この物語の第2部とも言える19節にもう一人の人物の思いが描かれています。母マリアです。人々が不思議に思った出来事に対して「しかし、マリアはこれらの出来事をすべて心に留めて、思い巡らしていた」のです。マリアはすべてのことを見聞きしていたし何よりも、御子を生んだ当事者です。もしクリスマスの出来事を信じることが困難であるとしたら、マリアにはさらに困難であったに違いありません。まだ結婚もしていないのに、突然天使の訪問を受けて、救い主がその胎内に宿られることを信じることは、無鉄砲なほど大胆な信仰だと思われます。しかし、信仰が進み、成長するためには何が必要であるかをよく示してくれているのが、まさにマリアです。彼女は信仰の歩みを始める前に一度立ち止まり、語られた御言葉を静かに思い巡らしました。立ち止まるのです。どこにおいてでしょうか。心においてです。自分に語られた御言葉を心の中でもう一度思い巡らすのです。その後マリアは天使に答えました。「私は主の仕え女です。お言葉どおり、この身になりますように」と。彼女はいつの世の人からも「幸いな女性」と思われていますが、それは決してこの世的なことだけではありません。天からのしるしが自分の身に起こった時、インマヌエルの神、主がこの私と共にいてくださると心から感謝したマリアの謙虚さの中に、彼女の真の幸せを見てとれます。このクリスマス、皆さまはどんな言葉を聞き、何を見るでしょうか。私しにとってクリスマスはどんな意味があるのでしょうか。是非一度立ち止まり、心を思いめぐらしましょう。

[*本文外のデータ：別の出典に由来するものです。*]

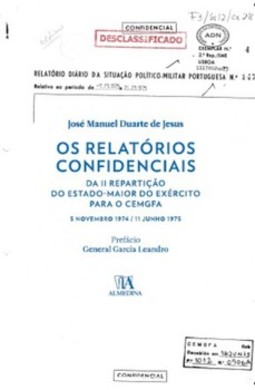 Os relatórios confidenciais da II repartição do estado-maior do exército para o CEMGFA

クリスマスの物語は上から始まります。何故かと言えば、天の父なる神さまが、すべての人に与えてくださった救いの物語だからです。ところが私たち人間が考えること、計画すること、望むこと、願うこと、恐れることはすべて下からのものです。私たちが生きている限りそうせざるを得ないのが現実です。しかし、世界救済の物語は、神さまのところから始まっています。そして今日、天が開かれて、私たちのために、私のために救い主がお生まれになりました。このお方こそ天からのしるし救い主キリストです。罪からの救い手です。クリスマスの聖なる日、主の天使はそう告げるのです。キリストの御降誕を心から感謝いたします。